Apagão aumenta dolarização da economia venezuelana

O apagão que atinge a parte do território venezuelano desde a última quinta-feira (7) teve como uma de suas consequências o aumento da dolarização da economia do país.

Isso ocorre porque a moeda local, o bolívar, já passava por uma escassez e a maior parte das transações eram realizadas por meio eletrônico. 

A falta de energia, porém, passou a impedir essa alternativa e muitos venezuelanos recorreram a moeda americana para pagar suas contas.  

"Não havia energia e quando ela retornou, tivemos problemas para se conectar ao sistema (internet) e aos bancos. Então vinha gente com dólares e negociamos", disse à agência de notícias AFP Martin Xabier, dono de uma padaria em Catia (oeste de Caracas). 

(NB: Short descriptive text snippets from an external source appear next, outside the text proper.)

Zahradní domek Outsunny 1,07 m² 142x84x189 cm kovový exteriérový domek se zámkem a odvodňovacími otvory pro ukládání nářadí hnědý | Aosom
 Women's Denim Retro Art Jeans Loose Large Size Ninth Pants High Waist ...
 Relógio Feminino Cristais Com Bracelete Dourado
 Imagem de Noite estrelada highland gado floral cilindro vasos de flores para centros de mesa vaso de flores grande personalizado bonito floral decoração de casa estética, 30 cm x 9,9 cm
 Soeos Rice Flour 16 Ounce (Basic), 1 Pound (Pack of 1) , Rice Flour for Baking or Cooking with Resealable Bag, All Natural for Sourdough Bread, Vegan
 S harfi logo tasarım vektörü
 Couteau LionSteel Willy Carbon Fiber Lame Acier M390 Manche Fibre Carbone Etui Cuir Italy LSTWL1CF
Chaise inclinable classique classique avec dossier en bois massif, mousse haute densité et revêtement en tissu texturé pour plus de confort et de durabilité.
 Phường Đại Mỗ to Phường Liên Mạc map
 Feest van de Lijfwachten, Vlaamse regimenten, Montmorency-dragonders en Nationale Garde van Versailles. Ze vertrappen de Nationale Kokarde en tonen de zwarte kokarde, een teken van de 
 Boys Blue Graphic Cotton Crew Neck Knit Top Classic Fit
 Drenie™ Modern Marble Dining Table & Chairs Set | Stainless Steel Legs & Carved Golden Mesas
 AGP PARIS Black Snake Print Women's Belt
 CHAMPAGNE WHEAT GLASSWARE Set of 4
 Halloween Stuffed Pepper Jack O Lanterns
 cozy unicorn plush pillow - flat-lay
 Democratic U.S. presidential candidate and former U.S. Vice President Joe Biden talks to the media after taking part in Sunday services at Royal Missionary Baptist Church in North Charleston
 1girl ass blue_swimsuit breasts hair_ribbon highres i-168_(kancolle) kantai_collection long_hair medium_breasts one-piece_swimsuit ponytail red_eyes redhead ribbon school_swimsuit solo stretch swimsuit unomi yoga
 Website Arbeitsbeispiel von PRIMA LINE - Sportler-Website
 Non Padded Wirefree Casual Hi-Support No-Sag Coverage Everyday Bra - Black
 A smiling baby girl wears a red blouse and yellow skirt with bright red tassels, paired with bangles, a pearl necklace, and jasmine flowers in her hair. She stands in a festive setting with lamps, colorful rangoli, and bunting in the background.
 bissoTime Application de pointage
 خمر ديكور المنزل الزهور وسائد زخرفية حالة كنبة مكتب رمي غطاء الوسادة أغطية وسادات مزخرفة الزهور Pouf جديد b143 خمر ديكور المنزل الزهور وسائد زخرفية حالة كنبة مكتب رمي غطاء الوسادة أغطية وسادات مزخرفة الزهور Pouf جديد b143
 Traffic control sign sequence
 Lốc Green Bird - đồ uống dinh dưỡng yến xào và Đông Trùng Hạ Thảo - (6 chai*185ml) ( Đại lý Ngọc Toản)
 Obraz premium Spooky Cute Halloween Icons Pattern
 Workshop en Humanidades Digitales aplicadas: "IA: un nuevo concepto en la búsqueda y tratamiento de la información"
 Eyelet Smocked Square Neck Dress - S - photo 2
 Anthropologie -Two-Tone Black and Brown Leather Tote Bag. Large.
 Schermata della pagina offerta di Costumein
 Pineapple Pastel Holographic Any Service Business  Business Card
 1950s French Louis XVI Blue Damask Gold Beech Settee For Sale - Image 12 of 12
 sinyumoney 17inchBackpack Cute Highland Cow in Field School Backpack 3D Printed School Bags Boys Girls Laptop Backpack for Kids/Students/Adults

"Todos aqui fizeram isso", acrescentou Martin, enquanto dezenas de pessoas faziam fila para comprar pão enquanto a luz voltava aos poucos. 

Do outro lado de Caracas, em Altamira, uma mercearia permaneceu com suas portas fechadas, mas uma pessoa anunciava em voz alta no local: "aqui só dinheiro é aceito, bolívares ou dólares". 

Uma mulher que estava esperando para comprar leite para o neto chorava no local. "Eu não tenho ninguém para me enviar dólares, como faço isso?", disse ela. 

No mercado de Chacao, a moeda americana também reinou.

"Muitos pagam com dólar. Tivemos que cobrar em efetivo e as pessoas não têm bolívares e, se tivessem, precisariam de um carrinho de mão para carregar as notas", disse Maria del Carmen Pereira, dona de uma delicatessen.

Desde agosto do ano passado, quando o ditador Nicolás Maduro declarou uma desvalorização de 96% no valor oficial do bolívar, a moeda já caiu mais 98%, sendo negociada atualmente a um câmbio de 3.000 bolívar por US$ 1. A projeção do FMI (Fundo Monetário Internacional) é que a inflação no país chegue a 10.000.000% até o final do ano. 

Com isso, o valor do salário mínimo representa menos de US$ 6 e a moeda americana tem ganhado terreno no uso cotidiano na Venezuela.

Mas milhões de venezuelanos não têm acesso a moedas estrangeiras, o que gera uma extrema desiguldade no país, de acordo com o economista Asdrúbal Oliveros, diretor da consultoria Ecoanalítica.

Segundo estimativa da consultoria, no final de 2018 um terço dos venezuelanos vivia de remessas enviadas por seus parentes no exterior, que este ano chegariam a cerca de US$ 2,4 bilhões (R$ 9,15 bilhões).

Pelo menos 50% da população depende de subsídios estatais e o restante vive do trabalho no setor privado. Cerca de 3,4 milhões de venezuelanos residem no exterior atualmente, sendo que a maioria parte fugiu da crise atual. 

"A inflação é a principal causa da dolarização. Este episódio traumático, talvez, pode ter acelerado a sua utilização, com mais gente disposta a fazer e receber pagamentos em dólares. Mas a tendência já era irreversível", disse à AFP Henkel Garcia, diretor da Econometric.

Refletindo essa tendência, muitas pessoas preferem cobrar seus serviços em dólares e algumas empresas começaram a pagar salários e bônus em moeda estrangeira para evitar a fuga de funcionários, aproveitando a flexibilidade de um controle cambial estabelecido em 2003.

Volta de energia

Desde segunda (11) a energia começou a retornar em parte do país e está praticamente normalizada em Caracas, mas o fornecimento ainda é intermitente nas regiões ocidentais, mais afetadas pelo apagão.

"Aqui estão cobrando tudo em dólar: queijo, bananas, pão, cargas para telefone celular (feitas onde há pequenos geradores), gelo", disse à AFP Roxana Peña, 26, em Maracaibo, capital do estado petrolífero de Zulia.

Na cidade, que registrou uma onda de saques, houve longas filas para comprar blocos de gelo de cerca de 40 centímetros por US$ 5. "Muitas pessoas não têm como pagar", disse a professora Márgara Bermúdez.

Na terça-feira (12), o líder opositor Juan Guaidó —reconhecido por mais de 50 países como presidente interino da Venezuela— afirmou que Maduro "não pode garantir nem água, nem eletricidade, nem remédio. Nem mesmo uma moeda decente para comprar comida". 

O ditador acusa Guaidó de estar envolvido em "ataques cibernéticos" e "eletromagnéticos" dos Estados Unidos para sabotar o sistema elétrico, mas especialistas culpam o governo pela falta de investimento em infraestrutura e pela corrupção que atinge o setor.